## WORK REQUIRED
Please write out exactly the lines from the opening of the listing through the line that holds "Chassahowitzka River Clear", including both, and nothing else; no pictures.

## DATA LISTING
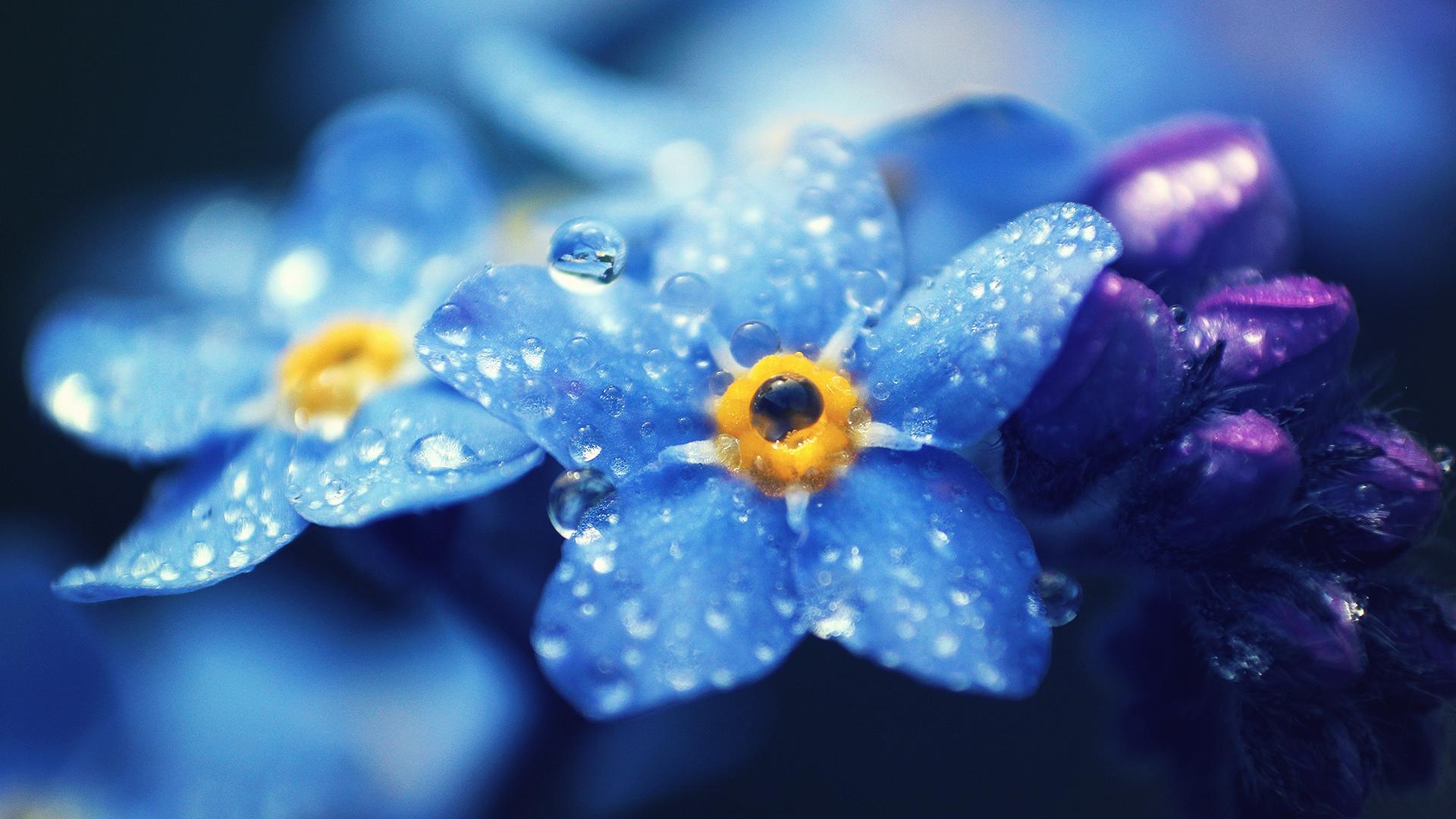 Цвета радуги - голубой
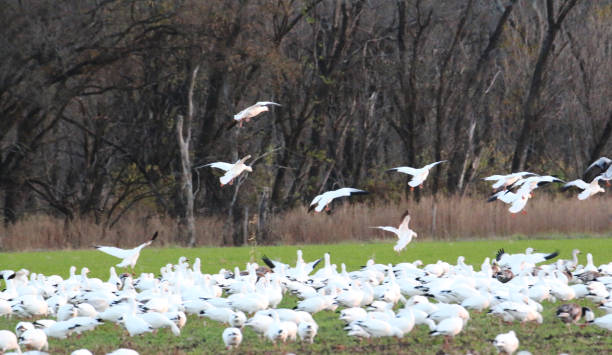 istock Field of Snow Geese 1295393393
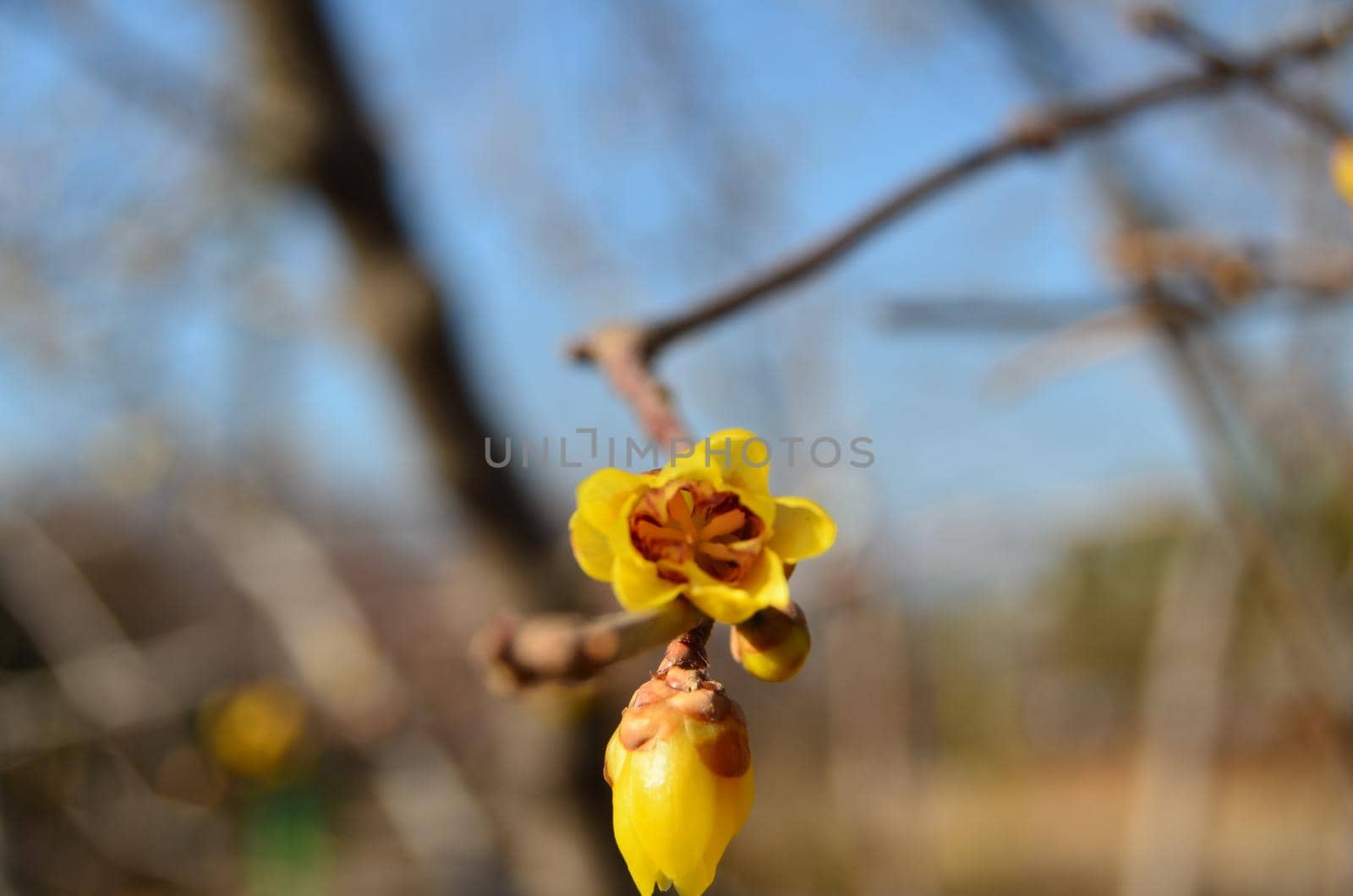 Beautiful yellow flowers on branches against blue sky by uphotopia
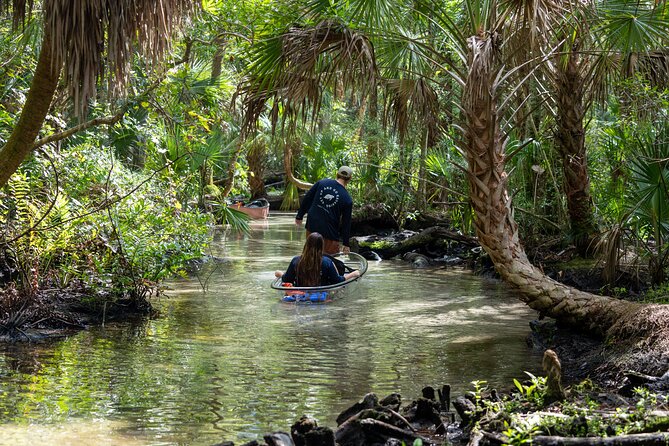 Chassahowitzka River Clear Kayak Springs & Manatee Tours - Crystal River’s clear-kayak “see-through” magic
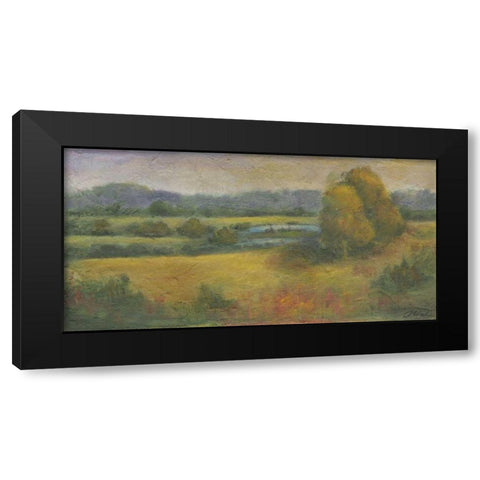 El Dorado Lake II Black Modern Wood Framed Art Print by Combs, Joyce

## REPLY
 Цвета радуги - голубой
 istock Field of Snow Geese 1295393393
 Beautiful yellow flowers on branches against blue sky by uphotopia
 Chassahowitzka River Clear Kayak Springs & Manatee Tours - Crystal River’s clear-kayak “see-through” magic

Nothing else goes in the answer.